Awards season is in full swing, and it's all set to culminate with the Oscars. We've already had big prizes given out by the likes of the Golden Globes and several of the guilds, and now the Oscar nominations have been revealed, all eyes are on the massive finale.
The Academy Awards are the biggest date on the Hollywood calendar. The Oscars themselves are the most prestigious prize in the industry, and the massive telecast in the Dolby Theater is a major ratings get (even with drops in recent years it still hits over 30 million) full of show-stopping events and, of course, major stars. But, now we know who's in the running this year, when will the ceremony actually take place?
Related: Oscar Bait May Finally Be Dead
The Date and Time of the Oscars In 2018 (Is Different From Previous Years)

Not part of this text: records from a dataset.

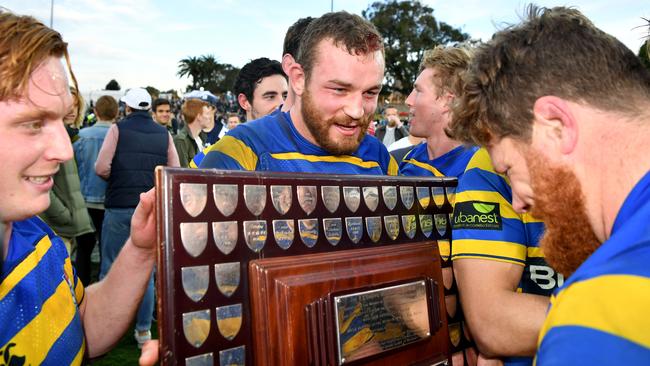 Rohan O'Regan of Sydney University celebrates victory with the shield.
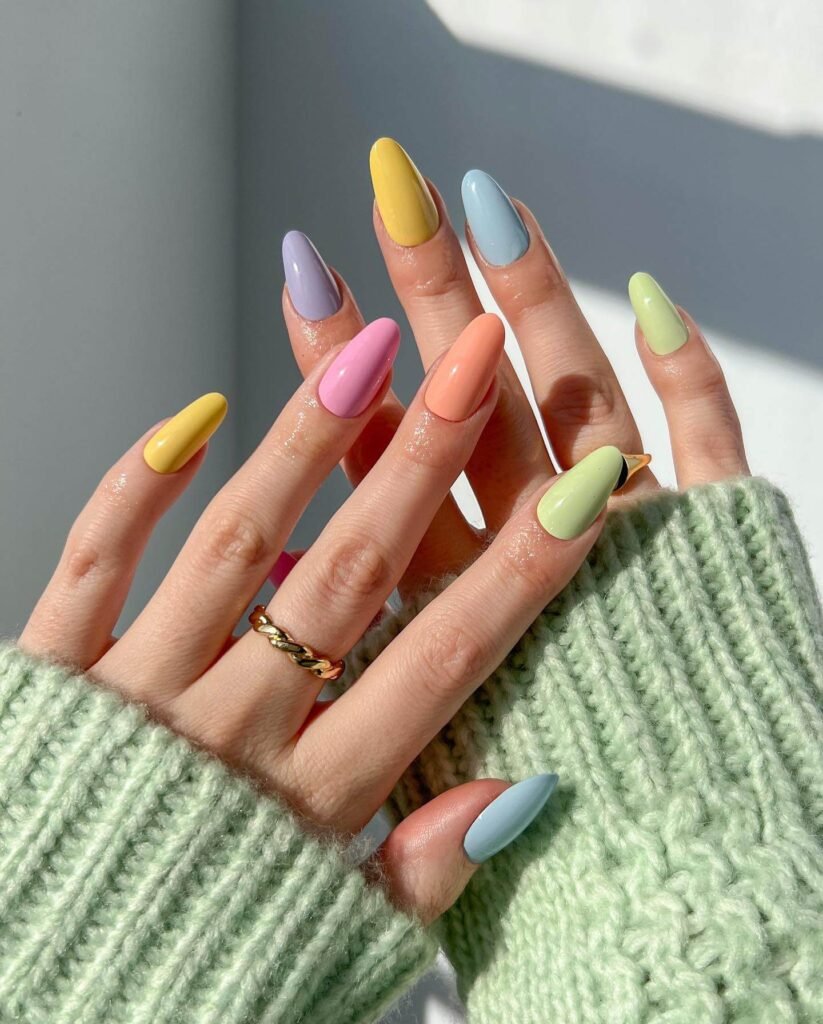 Pastel rainbow nails with glossy finish by pop_polished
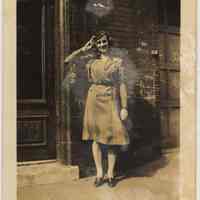 Sepia-toned photo of a woman in military uniform outside 108 Tenth St., Hoboken, no date, probably 1941-1945.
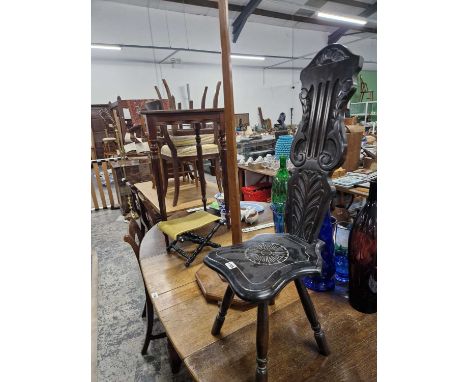 A spinners chair, a standard lamp, a stool and a corner table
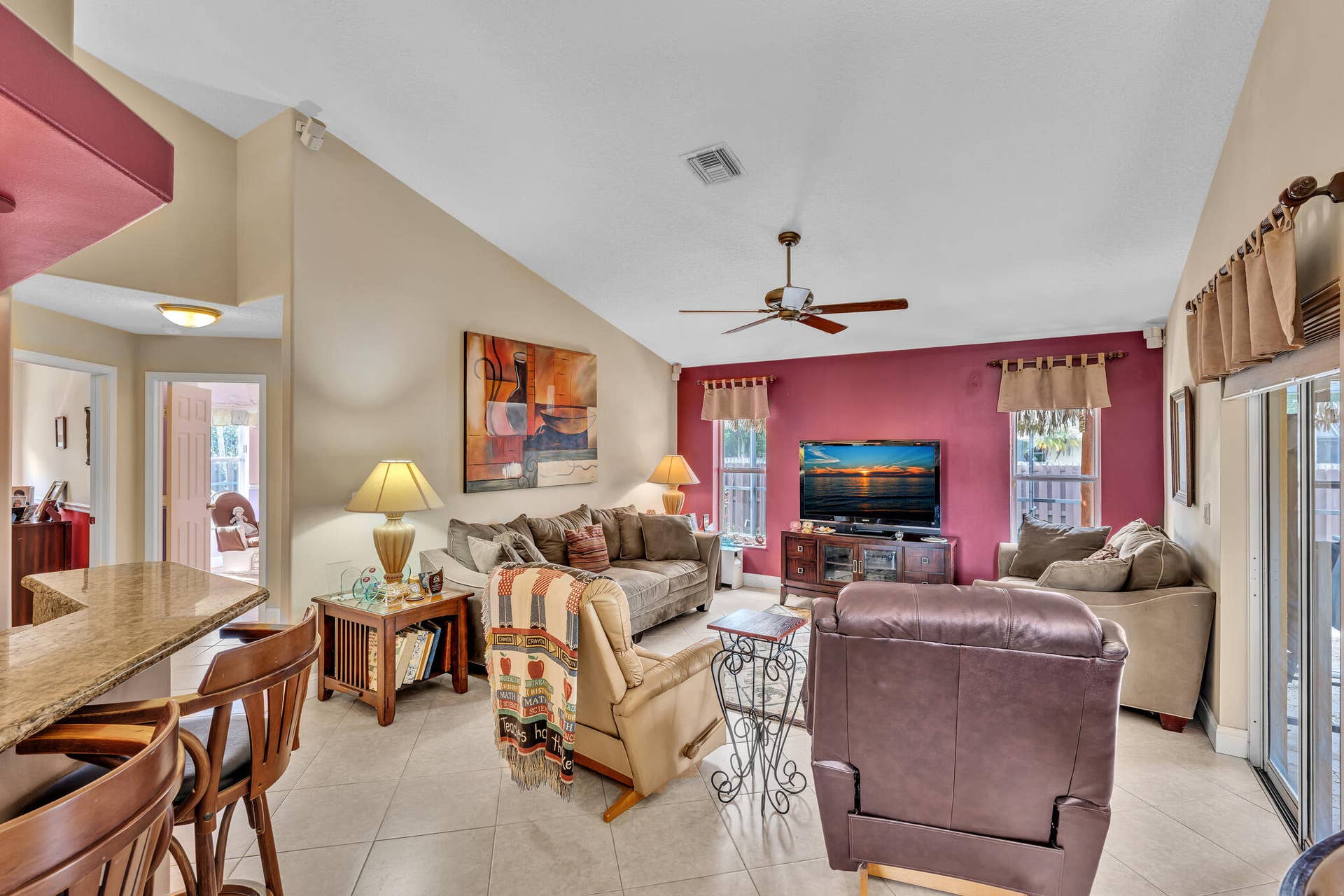 Vaulted ceilings, a ceiling fan, and tile flooring characterize this living space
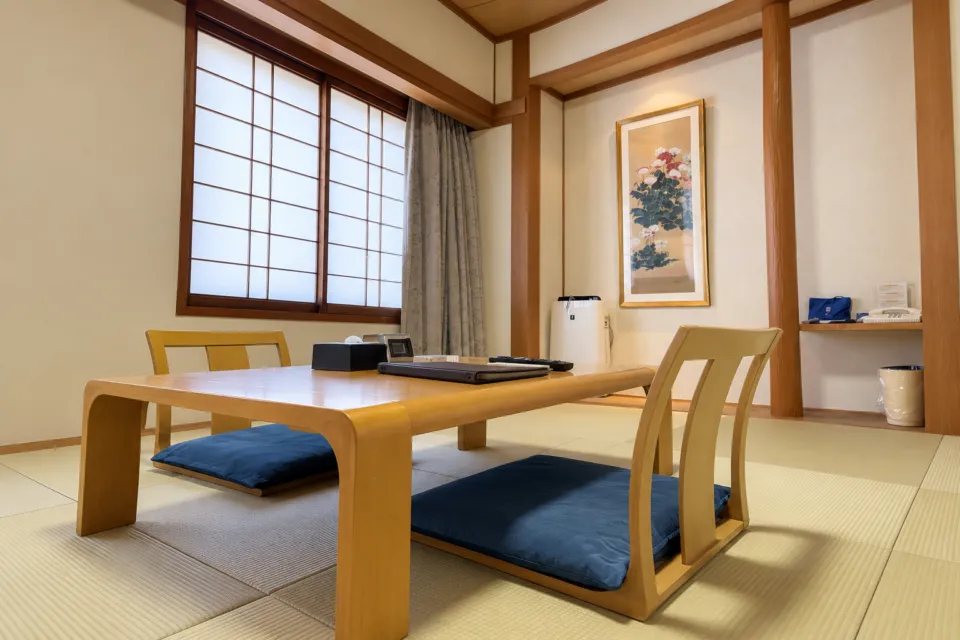 ホテルマイステイズ松山の畳の床と低いテーブルがある和室
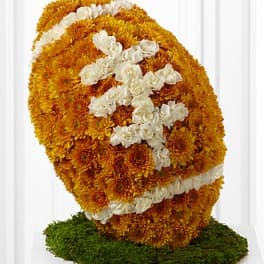 Orange and white floral football sculpture on a green base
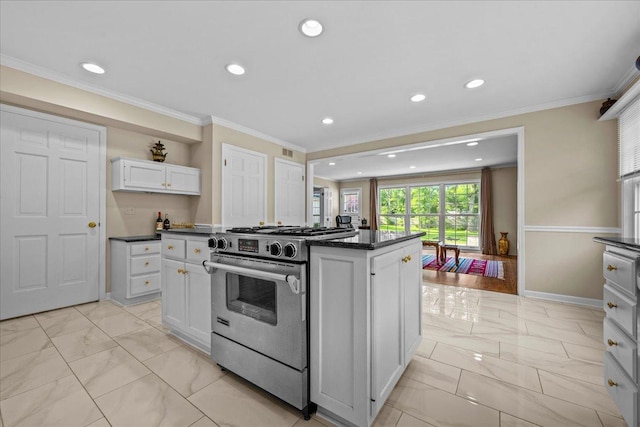 912 Morningside Dr, Lake Forest, IL 60045 - kitchen with gas range, light marble finish flooring, white cabinetry, recessed lighting, and a kitchen island
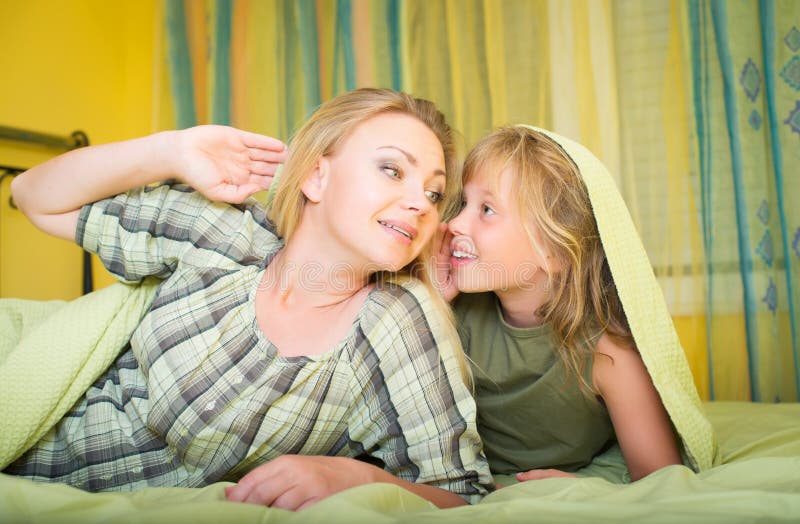 Madre e piccola figlia che si trovano a letto e che parlano famiglia bedtime fotografia stock Madre e piccola figlia che si trovano a letto e che parlano famiglia bedtime fotografia stock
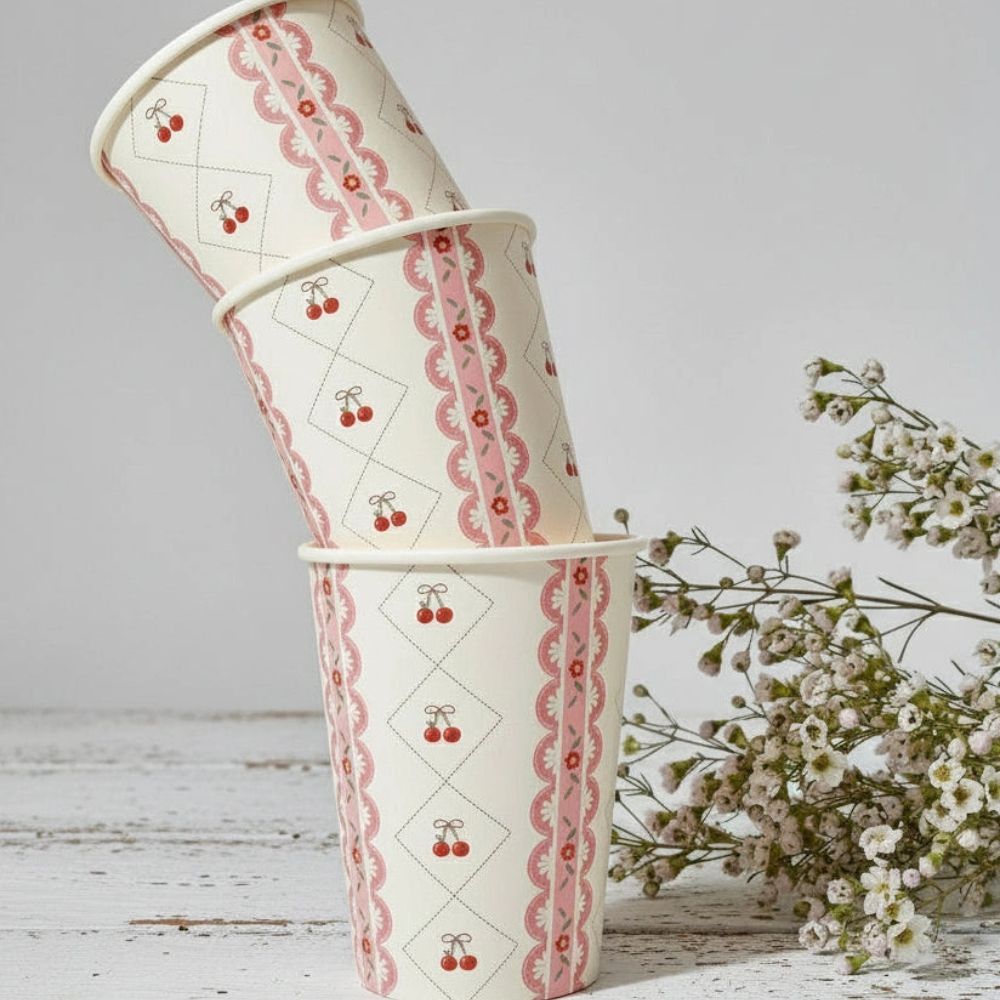 A stack of three cherry themed paper cups next to white wildflowers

The Oscars typically take place in the final weekend of February. However, if you tune in on February 25, you're in for a snowy disappointment. Due to the 2018 Winter Olympics, they've has been pushed back a week, meaning that the Oscars 2018 ceremony takes places on March 4.
That's not the only thing changing this year; the ceremony will also start a little earlier. Whereas last year the red carpet began at 7pm EST/4pm PST, with the ceremony itself kicking off 8:30pm EST/5:30 pm PST, this year the festivities kick off half-an-hour earlier: the red carpet coverage starts at 6:30 p.m. EST/3:30 p.m. PST, with the awards at 8:00pm EST/5:00 pm PST.
As always, everything in the show will air on ABC in the US and other licensees around the world.
What Can We Expect At The Oscars 2018?
Jimmy Kimmel is back as host after his mostly successful debut in the gig last year (out-of-his-hands final shocker notwithstanding), and he'll have his work cut out for him. This is the 90th Academy Awards, making it a considerably bigger celebration, but more importantly the specter of sexual harassment looms large. Seth Meyers pulled few punches in addressing the allegations against the likes of Harvey Weinstein and Kevin Spacey at the Golden Globes, and the pressure is on Kimmel to address the major shift in the industry without being crass.
As for what will take home the big prize, that's hard to call. This is the most open awards race in years, and while the acting categories are beginning to normalize out (expect the Oscars to be identical to the SAG awards) the fight for Best Picture and Director is a fierce one. At the moment, Three Billboards Outside Ebbing, Missouri is the firm favorite, although the growing backlash against its handling of racist characters could hurt it during the voting period. Also in hot contention is The Shape of Water, which is likely going to see Guillermo del Toro win his first directing Oscar - and possibly nab the big prize too.